*** Recorded information

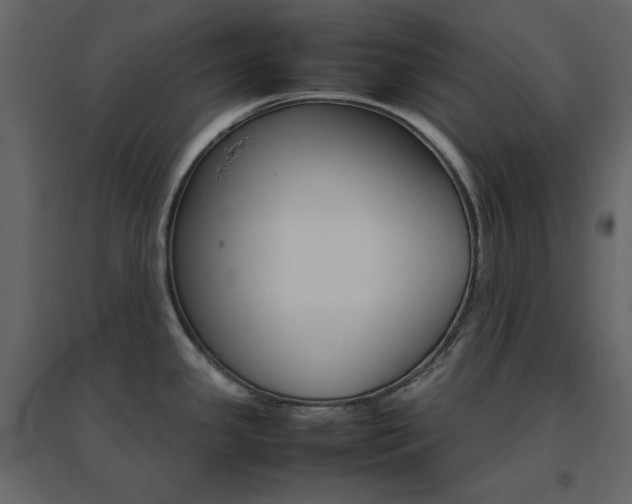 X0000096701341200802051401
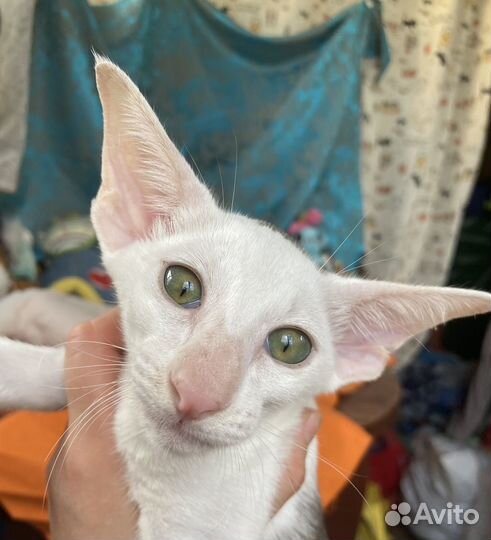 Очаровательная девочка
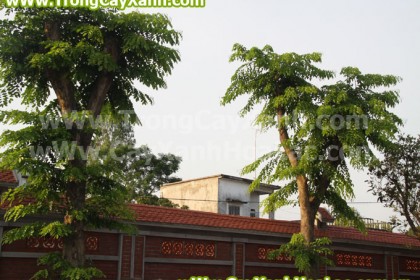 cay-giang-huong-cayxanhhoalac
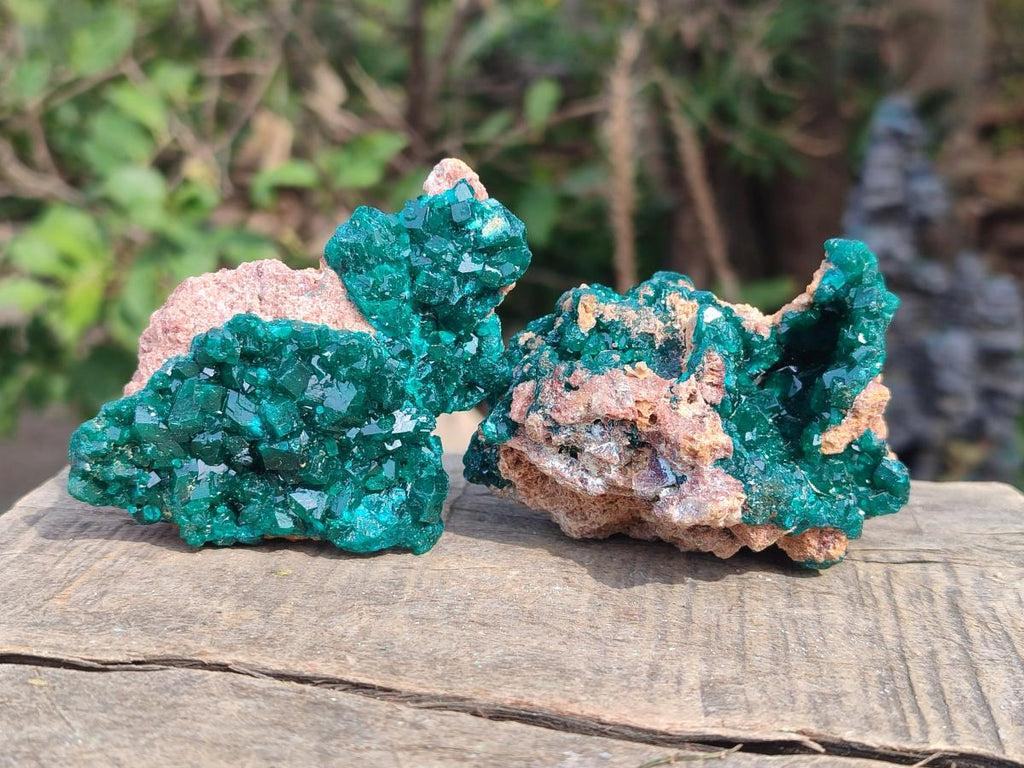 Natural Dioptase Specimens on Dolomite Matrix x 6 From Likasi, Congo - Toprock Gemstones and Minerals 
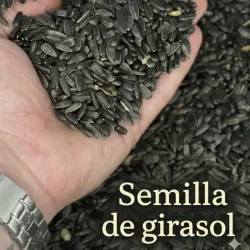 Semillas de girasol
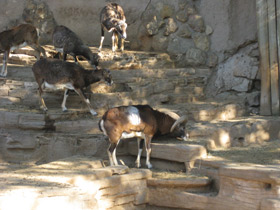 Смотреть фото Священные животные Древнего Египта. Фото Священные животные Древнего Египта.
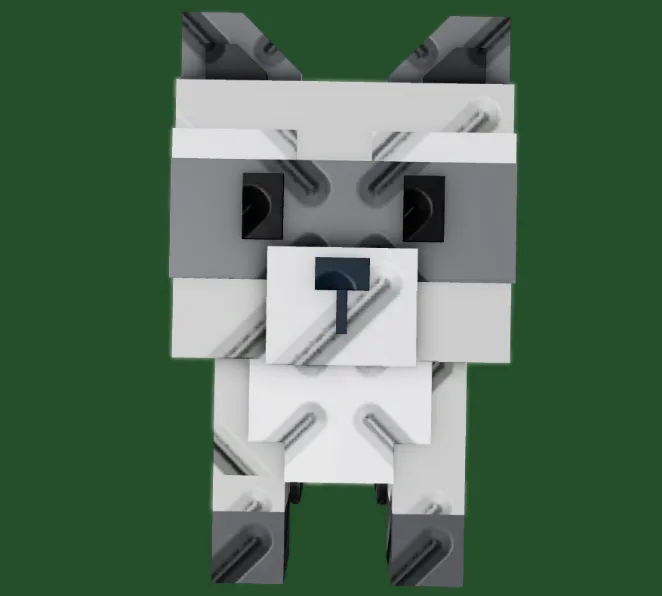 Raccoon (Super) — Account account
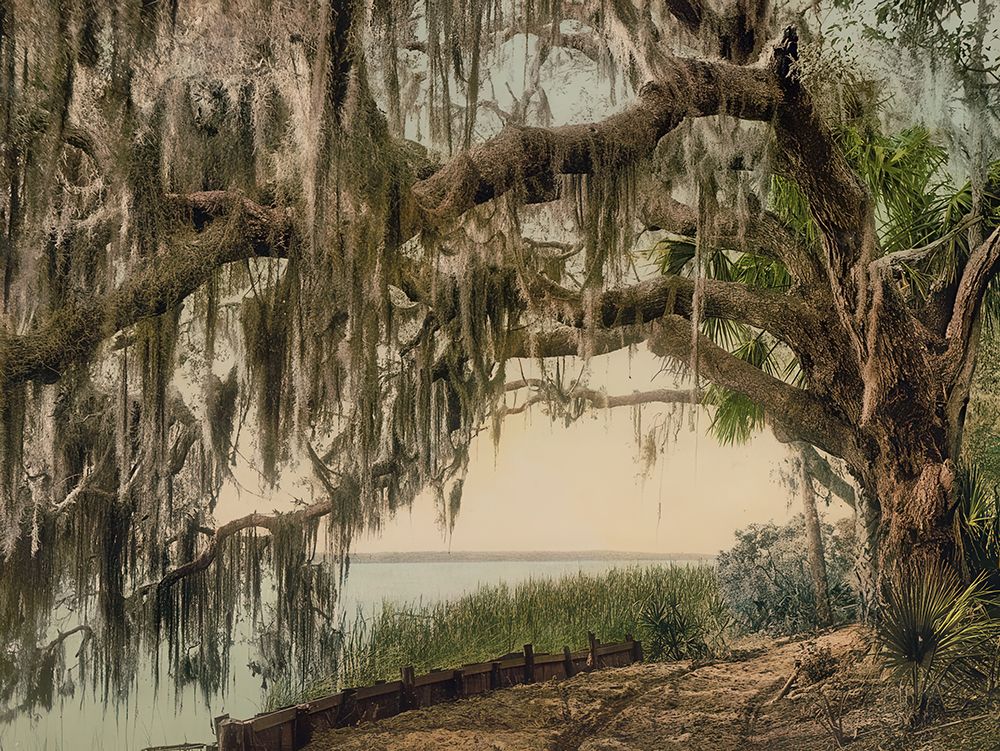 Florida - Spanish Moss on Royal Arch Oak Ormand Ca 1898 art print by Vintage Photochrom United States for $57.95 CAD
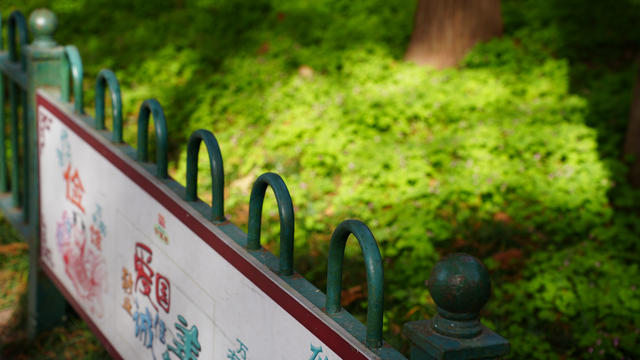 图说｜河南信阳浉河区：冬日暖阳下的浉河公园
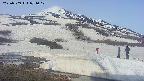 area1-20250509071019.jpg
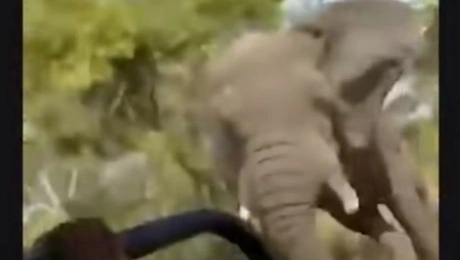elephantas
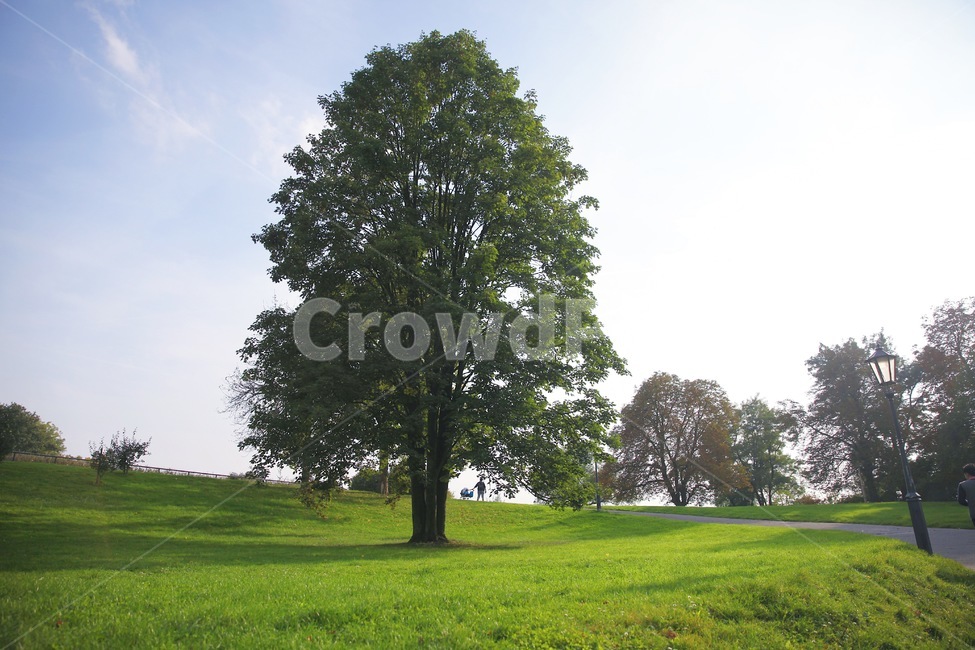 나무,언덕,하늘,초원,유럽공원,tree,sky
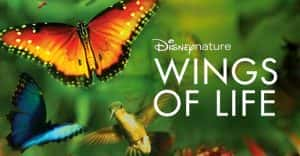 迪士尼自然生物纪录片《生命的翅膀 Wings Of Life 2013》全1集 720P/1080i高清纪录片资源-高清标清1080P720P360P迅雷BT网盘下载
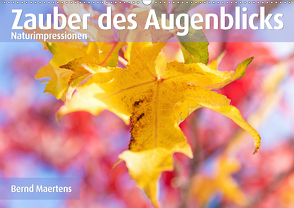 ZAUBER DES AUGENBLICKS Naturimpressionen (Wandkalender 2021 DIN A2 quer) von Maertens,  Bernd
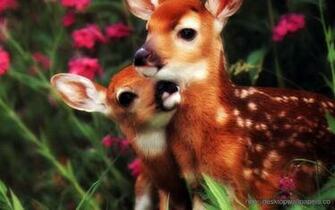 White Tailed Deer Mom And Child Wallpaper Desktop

******

**Assignment**. When a picture appears in the material, please pass over it while retyping the rest exactly.

**Exercise result**.
 X0000096701341200802051401
 Очаровательная девочка
 cay-giang-huong-cayxanhhoalac
 Natural Dioptase Specimens on Dolomite Matrix x 6 From Likasi, Congo - Toprock Gemstones and Minerals 
 Semillas de girasol
 Смотреть фото Священные животные Древнего Египта. Фото Священные животные Древнего Египта.
 Raccoon (Super) — Account account
 Florida - Spanish Moss on Royal Arch Oak Ormand Ca 1898 art print by Vintage Photochrom United States for $57.95 CAD
 图说｜河南信阳浉河区：冬日暖阳下的浉河公园
 area1-20250509071019.jpg
elephantas
 나무,언덕,하늘,초원,유럽공원,tree,sky
 迪士尼自然生物纪录片《生命的翅膀 Wings Of Life 2013》全1集 720P/1080i高清纪录片资源-高清标清1080P720P360P迅雷BT网盘下载
 ZAUBER DES AUGENBLICKS Naturimpressionen (Wandkalender 2021 DIN A2 quer) von Maertens,  Bernd
 White Tailed Deer Mom And Child Wallpaper Desktop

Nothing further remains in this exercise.